Of all the money manufacturing institutions, the U.S. Mint has the most documented history. There are so many good books about the Mint’s history it is difficult to narrow down a recommendation to one book. If you are going to read one book, read History Of The United States Mint and Its Coinage by David Lange.
Whether you read for knowledge or pleasure, it is always best when it is well written. David Lange’s reputation as a great writer is on full display in this book. Using his skill, Lange writes a broad context of the history of the U.S. Mint fitting it in 190 pages with images of coins, vignettes, and documents of the time. After you finish, give the book to your young numismatist who will also enjoy it.
History Of The United States Mint and Its Coinage is no longer in print but can be found on the secondary and used book market.
Bureau of Engraving and Printing
The Bureau of Engraving and Printing started in 1862 in the basement of the Treasury Building as the National Currency Bureau. Their first job was to separate currency notes produced by private banknote printing companies. The newly formed bureau started its printing operations in 1863.
The BEP grew out of the necessity to fund the Civil War. From there, the bureau became the primary security printing service for the government. To learn more about the BEP and its growth, read History of the Bureau of Engraving and Printing. Produced for the 100th Anniversary of the BEP, the book is the most comprehensive coverage of its history.

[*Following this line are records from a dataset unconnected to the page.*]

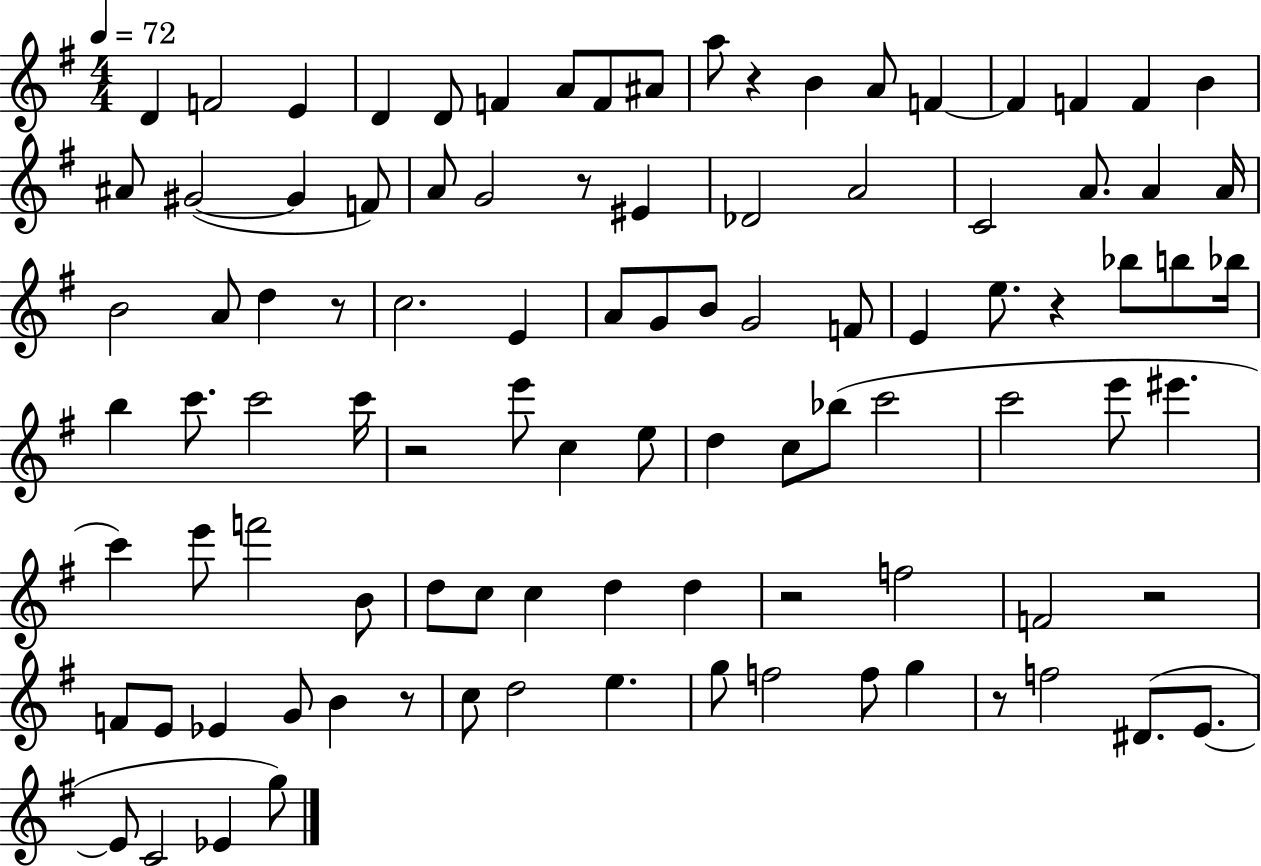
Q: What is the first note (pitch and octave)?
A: D4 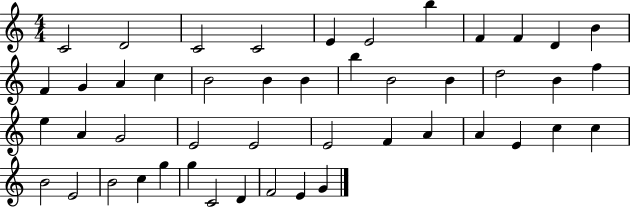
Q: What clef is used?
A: treble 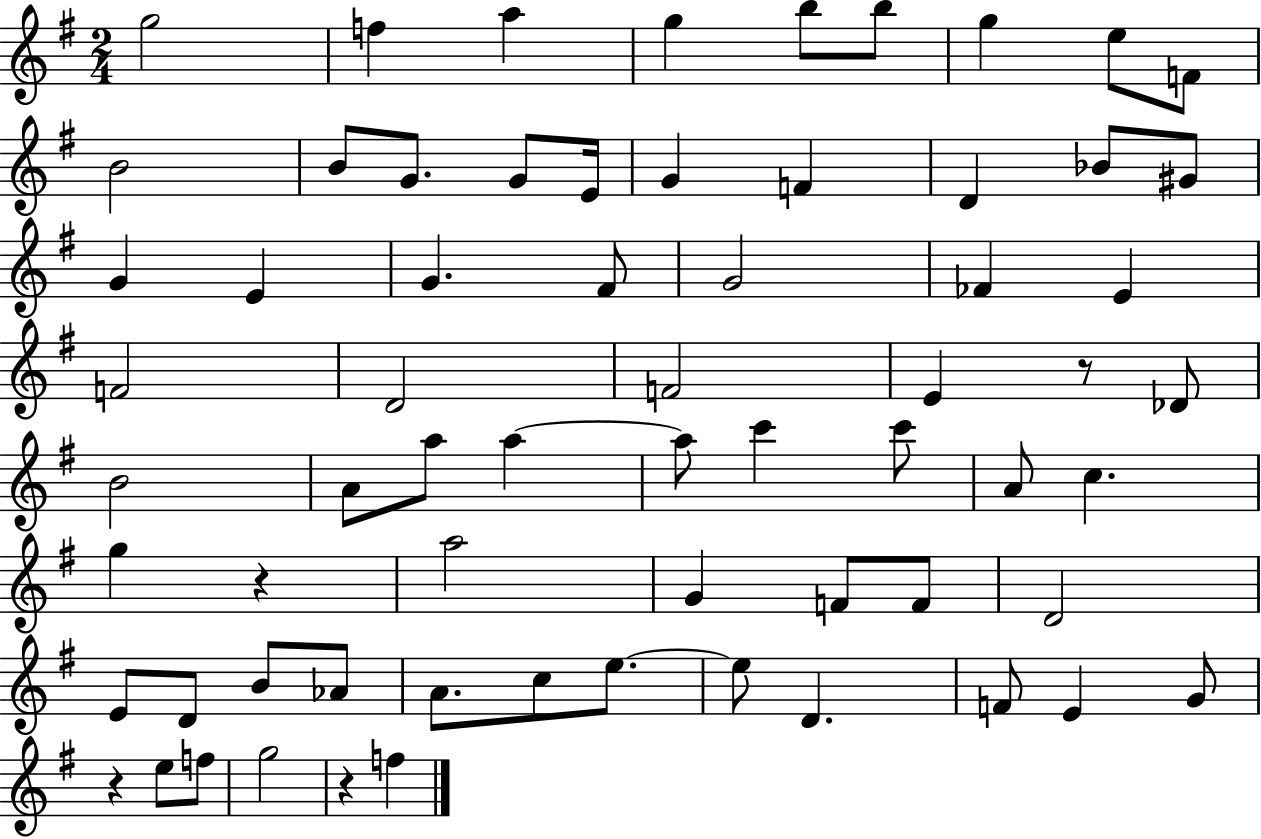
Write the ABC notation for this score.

X:1
T:Untitled
M:2/4
L:1/4
K:G
g2 f a g b/2 b/2 g e/2 F/2 B2 B/2 G/2 G/2 E/4 G F D _B/2 ^G/2 G E G ^F/2 G2 _F E F2 D2 F2 E z/2 _D/2 B2 A/2 a/2 a a/2 c' c'/2 A/2 c g z a2 G F/2 F/2 D2 E/2 D/2 B/2 _A/2 A/2 c/2 e/2 e/2 D F/2 E G/2 z e/2 f/2 g2 z f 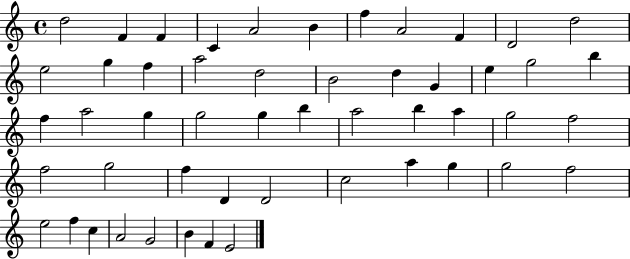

For those looking to save money, the book is available online. It does not have copyright restrictions since it was produced by the BEP and printed by the Government Printing Office. You can download the book in many electronic formats from Newman Numismatic Portal and the Internet Archives. Download the book now and start reading!
Department of the Treasury
The Treasury Department is the only Cabinet-level department whose history mirrors the country’s history. Although there has been a lot written about Treasury, most of the book covers a specific era of history. Whether the subject is the founding of the department by Alexander Hamilton, the Gold Rush era, or the transition to working with the Federal Reserve starting in 1913, you can find a book that will expand on Treasury’s history.
For a good overview that discusses the history of the department and reconizes the production of money through the years is The United States Treasury: A Pictorial History by Gene and Clare Gurney.
Written in 1978, it is not an academic study of the Treasury Department. The book provides a pictorial overview along with the story of Treasury with over 350 illustrations in 216 pages.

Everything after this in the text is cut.